Comme son nom l’indique, Sans pitié est un film policier, et plus précisément un film de gangsters. Il y est question de maffieux sud-coréens, implantés dans le grand port méridional de Busan (anciennement orthographié Pusan). Ils effectuent de fructueux trafics illégaux, sous couverture légale de commerce et conditionnement de poissons, s’adonnant en particulier au trafic de drogue, avec la voisine mafia russe de Vladivostok. Ces trafics s’appuient sur tout un réseau de complicité au sein de la police, la justice, la classe politique, le monde des affaires. La société sud-coréenne est réputée pour sa corruption, jusqu’au plus haut sommet de l’Etat. Ainsi, l’ancienne présidente de la République, Madame Park, a-t-elle été destituée l’an dernier et est depuis lors emprisonnée pour corruption.

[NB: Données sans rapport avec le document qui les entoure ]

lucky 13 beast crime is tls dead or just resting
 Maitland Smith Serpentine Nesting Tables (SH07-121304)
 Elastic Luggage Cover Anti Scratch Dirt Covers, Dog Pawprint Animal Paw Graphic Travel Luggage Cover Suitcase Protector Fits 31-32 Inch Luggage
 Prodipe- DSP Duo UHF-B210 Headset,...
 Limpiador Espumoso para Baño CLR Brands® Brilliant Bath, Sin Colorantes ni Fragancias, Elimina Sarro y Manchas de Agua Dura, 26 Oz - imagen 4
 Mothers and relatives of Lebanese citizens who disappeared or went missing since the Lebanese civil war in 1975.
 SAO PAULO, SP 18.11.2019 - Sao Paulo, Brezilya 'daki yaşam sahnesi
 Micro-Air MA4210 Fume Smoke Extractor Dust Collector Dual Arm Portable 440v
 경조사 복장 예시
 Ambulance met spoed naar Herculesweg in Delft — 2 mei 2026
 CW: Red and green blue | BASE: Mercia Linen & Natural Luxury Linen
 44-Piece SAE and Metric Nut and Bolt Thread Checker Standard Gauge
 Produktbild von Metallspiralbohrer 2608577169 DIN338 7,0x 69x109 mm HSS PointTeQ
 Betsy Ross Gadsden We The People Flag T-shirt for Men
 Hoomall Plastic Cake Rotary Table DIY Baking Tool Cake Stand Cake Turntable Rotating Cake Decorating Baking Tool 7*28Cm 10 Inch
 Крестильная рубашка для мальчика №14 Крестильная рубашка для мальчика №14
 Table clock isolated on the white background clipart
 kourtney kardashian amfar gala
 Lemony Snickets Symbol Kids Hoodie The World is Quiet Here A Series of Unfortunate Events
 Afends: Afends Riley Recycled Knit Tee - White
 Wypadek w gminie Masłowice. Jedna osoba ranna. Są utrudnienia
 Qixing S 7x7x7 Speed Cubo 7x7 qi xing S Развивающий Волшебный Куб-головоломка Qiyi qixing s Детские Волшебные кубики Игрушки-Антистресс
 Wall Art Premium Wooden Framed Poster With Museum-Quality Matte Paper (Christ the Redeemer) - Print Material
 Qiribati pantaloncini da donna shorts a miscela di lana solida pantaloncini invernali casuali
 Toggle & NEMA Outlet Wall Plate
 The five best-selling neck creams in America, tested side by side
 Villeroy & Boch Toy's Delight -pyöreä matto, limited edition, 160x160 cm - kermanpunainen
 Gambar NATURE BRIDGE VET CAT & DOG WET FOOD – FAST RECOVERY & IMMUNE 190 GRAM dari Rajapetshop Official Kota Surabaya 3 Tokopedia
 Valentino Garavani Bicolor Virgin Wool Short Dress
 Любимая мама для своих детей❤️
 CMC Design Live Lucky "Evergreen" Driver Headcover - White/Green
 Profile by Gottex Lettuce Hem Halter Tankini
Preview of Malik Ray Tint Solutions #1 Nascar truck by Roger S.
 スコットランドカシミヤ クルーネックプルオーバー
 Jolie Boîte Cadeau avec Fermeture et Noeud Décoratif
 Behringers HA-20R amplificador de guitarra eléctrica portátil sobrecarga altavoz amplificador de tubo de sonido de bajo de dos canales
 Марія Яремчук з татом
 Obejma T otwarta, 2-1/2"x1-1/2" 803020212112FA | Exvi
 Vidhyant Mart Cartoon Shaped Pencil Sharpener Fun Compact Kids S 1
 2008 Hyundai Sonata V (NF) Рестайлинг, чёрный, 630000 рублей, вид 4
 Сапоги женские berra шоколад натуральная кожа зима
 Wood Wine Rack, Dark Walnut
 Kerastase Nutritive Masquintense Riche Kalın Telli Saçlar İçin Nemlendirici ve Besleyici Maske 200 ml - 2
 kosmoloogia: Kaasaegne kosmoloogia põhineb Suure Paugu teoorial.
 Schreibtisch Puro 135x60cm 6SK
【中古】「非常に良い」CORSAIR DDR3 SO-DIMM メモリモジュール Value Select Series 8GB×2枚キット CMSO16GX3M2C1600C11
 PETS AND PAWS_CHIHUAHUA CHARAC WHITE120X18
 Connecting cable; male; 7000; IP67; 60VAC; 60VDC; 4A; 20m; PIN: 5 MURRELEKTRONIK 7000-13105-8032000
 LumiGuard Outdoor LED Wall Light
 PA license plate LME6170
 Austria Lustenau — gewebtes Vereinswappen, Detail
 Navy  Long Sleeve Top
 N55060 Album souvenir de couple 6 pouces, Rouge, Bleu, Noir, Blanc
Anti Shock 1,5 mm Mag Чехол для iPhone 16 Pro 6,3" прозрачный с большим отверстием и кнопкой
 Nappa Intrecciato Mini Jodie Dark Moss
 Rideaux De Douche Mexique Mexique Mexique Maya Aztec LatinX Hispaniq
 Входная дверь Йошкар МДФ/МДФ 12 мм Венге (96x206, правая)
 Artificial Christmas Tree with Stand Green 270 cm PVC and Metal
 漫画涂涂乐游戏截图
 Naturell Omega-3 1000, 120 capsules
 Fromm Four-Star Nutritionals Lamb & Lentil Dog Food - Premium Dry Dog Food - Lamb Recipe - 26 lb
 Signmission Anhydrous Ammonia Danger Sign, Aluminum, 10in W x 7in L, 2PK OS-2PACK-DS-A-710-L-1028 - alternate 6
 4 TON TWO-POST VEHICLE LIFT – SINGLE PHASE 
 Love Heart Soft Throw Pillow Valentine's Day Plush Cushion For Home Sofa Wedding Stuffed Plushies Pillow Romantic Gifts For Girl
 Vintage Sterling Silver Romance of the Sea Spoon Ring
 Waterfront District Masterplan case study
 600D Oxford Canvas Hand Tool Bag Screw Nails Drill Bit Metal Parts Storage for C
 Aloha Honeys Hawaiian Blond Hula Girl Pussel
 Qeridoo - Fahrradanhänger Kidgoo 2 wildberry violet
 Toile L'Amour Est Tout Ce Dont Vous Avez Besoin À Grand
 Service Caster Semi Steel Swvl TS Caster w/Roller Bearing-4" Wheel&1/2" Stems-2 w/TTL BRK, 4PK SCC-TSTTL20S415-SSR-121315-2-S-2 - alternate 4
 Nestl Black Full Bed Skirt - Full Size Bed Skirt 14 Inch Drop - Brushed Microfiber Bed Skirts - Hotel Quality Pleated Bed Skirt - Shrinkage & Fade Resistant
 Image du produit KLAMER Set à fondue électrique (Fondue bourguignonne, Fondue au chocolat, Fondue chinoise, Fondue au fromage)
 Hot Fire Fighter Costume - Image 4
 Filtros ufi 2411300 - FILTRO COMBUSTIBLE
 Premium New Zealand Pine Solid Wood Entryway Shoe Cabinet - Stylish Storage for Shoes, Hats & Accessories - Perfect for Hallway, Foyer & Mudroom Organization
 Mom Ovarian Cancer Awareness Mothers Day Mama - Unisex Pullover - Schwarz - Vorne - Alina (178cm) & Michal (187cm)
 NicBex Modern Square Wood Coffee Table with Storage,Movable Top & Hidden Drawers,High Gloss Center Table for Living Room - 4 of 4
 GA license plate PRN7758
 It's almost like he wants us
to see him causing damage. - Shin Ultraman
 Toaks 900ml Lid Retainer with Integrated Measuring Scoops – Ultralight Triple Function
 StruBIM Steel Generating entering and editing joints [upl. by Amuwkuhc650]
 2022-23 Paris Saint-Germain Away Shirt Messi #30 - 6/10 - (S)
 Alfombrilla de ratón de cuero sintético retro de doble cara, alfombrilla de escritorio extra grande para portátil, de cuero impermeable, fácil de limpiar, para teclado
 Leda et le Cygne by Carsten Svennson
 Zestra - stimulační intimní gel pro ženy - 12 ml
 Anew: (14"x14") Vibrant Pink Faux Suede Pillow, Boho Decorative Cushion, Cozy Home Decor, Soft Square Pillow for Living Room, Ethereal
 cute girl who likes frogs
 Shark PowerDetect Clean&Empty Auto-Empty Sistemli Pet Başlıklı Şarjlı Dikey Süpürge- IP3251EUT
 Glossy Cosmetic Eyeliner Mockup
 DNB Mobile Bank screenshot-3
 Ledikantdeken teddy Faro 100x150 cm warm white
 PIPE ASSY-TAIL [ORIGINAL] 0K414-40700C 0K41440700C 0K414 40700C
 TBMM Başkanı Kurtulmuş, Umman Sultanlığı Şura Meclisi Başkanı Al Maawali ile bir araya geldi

Malgré tout, et c’est heureux, on distingue pourtant dans cette société quelques incorruptibles. Ici, une femme, commissaire de police, tient absolument à faire tomber ces maffieux de Busan. Elle entend mener, après plusieurs échecs retentissants, et pour certains médiatisés, une lutte de longue durée. Aussi cherche-t-elle à infiltrer de jeunes policiers, réputés inconnus des bandits, dans le réseau criminel visé. Ces infiltrés doivent se faire repérer comme criminels prometteurs en prison, en devenant amis et complices des criminels mafieux enfermés, et susceptible de sortir à plus ou moins bref délai. La vision des prisons sud-coréenne est intéressante : les trafics y règnent, dont celui des cigarettes. Peuplées de nationaux pour la très grande majorité, le prosélytisme insistant qui y proposé est celui de la propagande protestante.
Sans pitié est rigoureusement construit. Il s’agit évidemment d’une fiction, même si lointainement inspirée de faits réels. Comme les criminels ne sont pas des êtres délicats, dans leurs actes ou leur langage, Sans pitié s’adresse à un public d’adultes avertis. Les bandits possèdent une certaine capacité de séduction. Les chefs des bandits sont évidemment des criminels, mais intelligents, manipulateurs, et capables de séduire à leur manière. C’est un point intéressant sur la difficulté de la tâche pour les policiers infiltrés : non seulement ils ne doivent pas se faire identifier, mais ils doivent résister aux tentations. Elles sont d’autant plus terribles que les réseaux mafieux excellent à cultiver une convivialité virile superficielle mais réelle, alors que l’infiltré est totalement isolé des siens et de ses collègues policiers, pour des motifs sécuritaires évidents.
Dans le genre du film de gangsters, Sans pitié est une belle réussite.